• _TO DO_:
Please reproduce all the records exactly while leaving out their pictures.

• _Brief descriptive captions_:
_ _ _ _

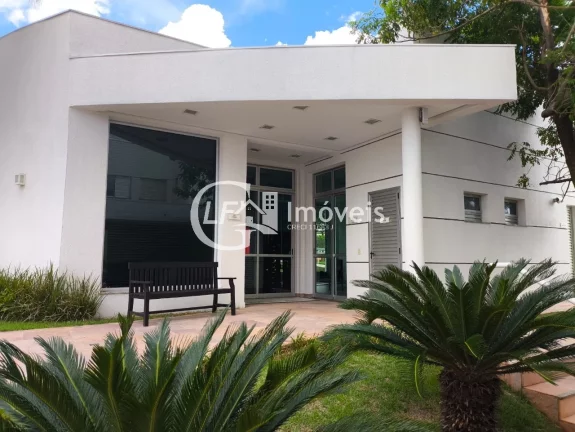 Imagem Aluguel de luxuoso apartamento de 3 quartos no Carandá Bosque, Campo Grande-MS - 3 suítes, 1 sala, 5 banheiros e 2 vagas.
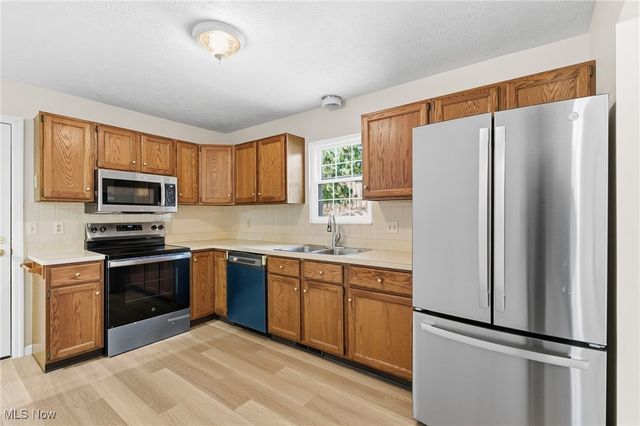 1664 Stone Creek Lane, Twinsburg, OH 44087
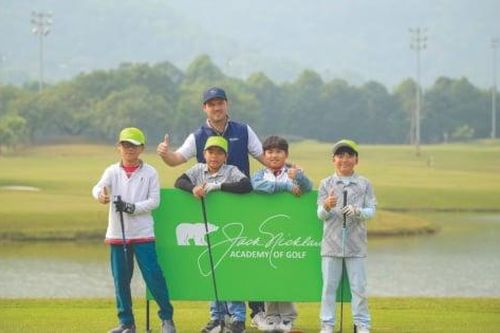Giám đốc Đào tạo HV Golf Jack Nicklaus: 'Tôi mong được thấy nhiều golfer trẻ Việt Nam thi đấu trên đấu trường quốc tế!'
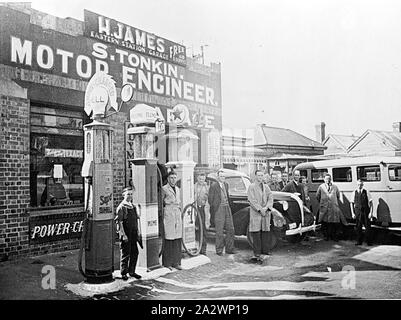 Negative - Ballarat, Victoria, Jan 1939, Mitarbeiter außerhalb H. James Ost Bahnhof Garage. Es gibt Tankstellen für Plume, Shell und Texaco. Es gibt ein Auto und ein Bus im Hintergrund Stockfoto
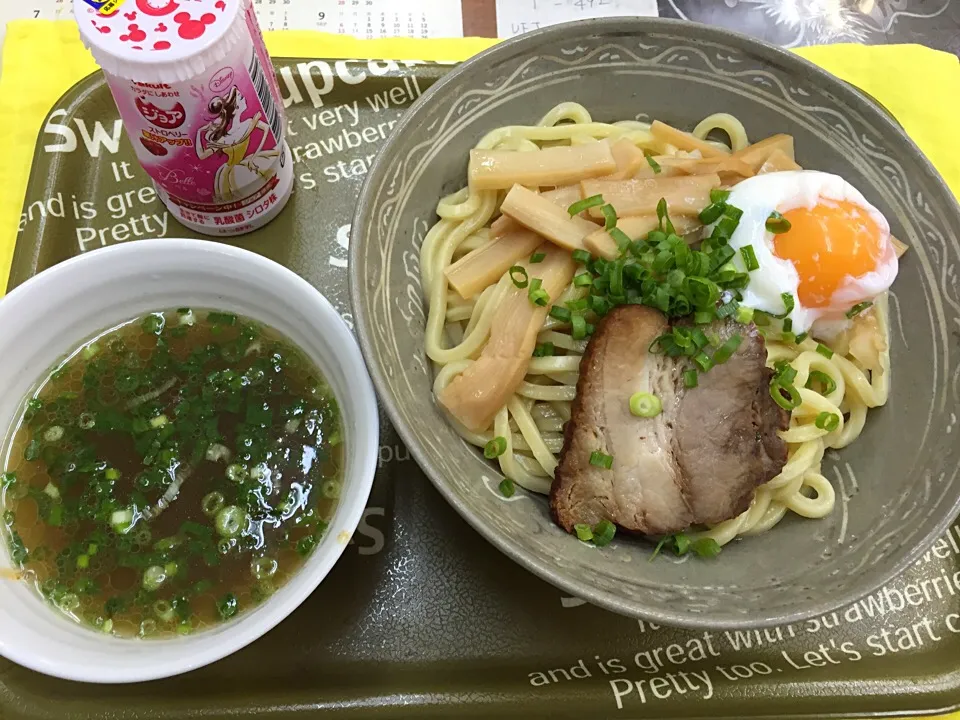 セブンイレブンの具付きつけ麺 温玉のせ|nakko7777さん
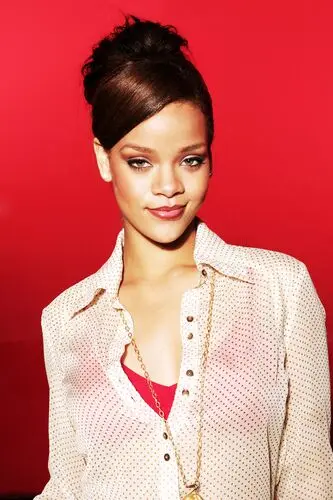 Rihanna White T-Shirt - idPoster.com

_ _ _ _

• _ANSWER FOR THIS EXERCISE_:
 Imagem Aluguel de luxuoso apartamento de 3 quartos no Carandá Bosque, Campo Grande-MS - 3 suítes, 1 sala, 5 banheiros e 2 vagas.
 1664 Stone Creek Lane, Twinsburg, OH 44087
Giám đốc Đào tạo HV Golf Jack Nicklaus: 'Tôi mong được thấy nhiều golfer trẻ Việt Nam thi đấu trên đấu trường quốc tế!'
 Negative - Ballarat, Victoria, Jan 1939, Mitarbeiter außerhalb H. James Ost Bahnhof Garage. Es gibt Tankstellen für Plume, Shell und Texaco. Es gibt ein Auto und ein Bus im Hintergrund Stockfoto
 セブンイレブンの具付きつけ麺 温玉のせ|nakko7777さん
 Rihanna White T-Shirt - idPoster.com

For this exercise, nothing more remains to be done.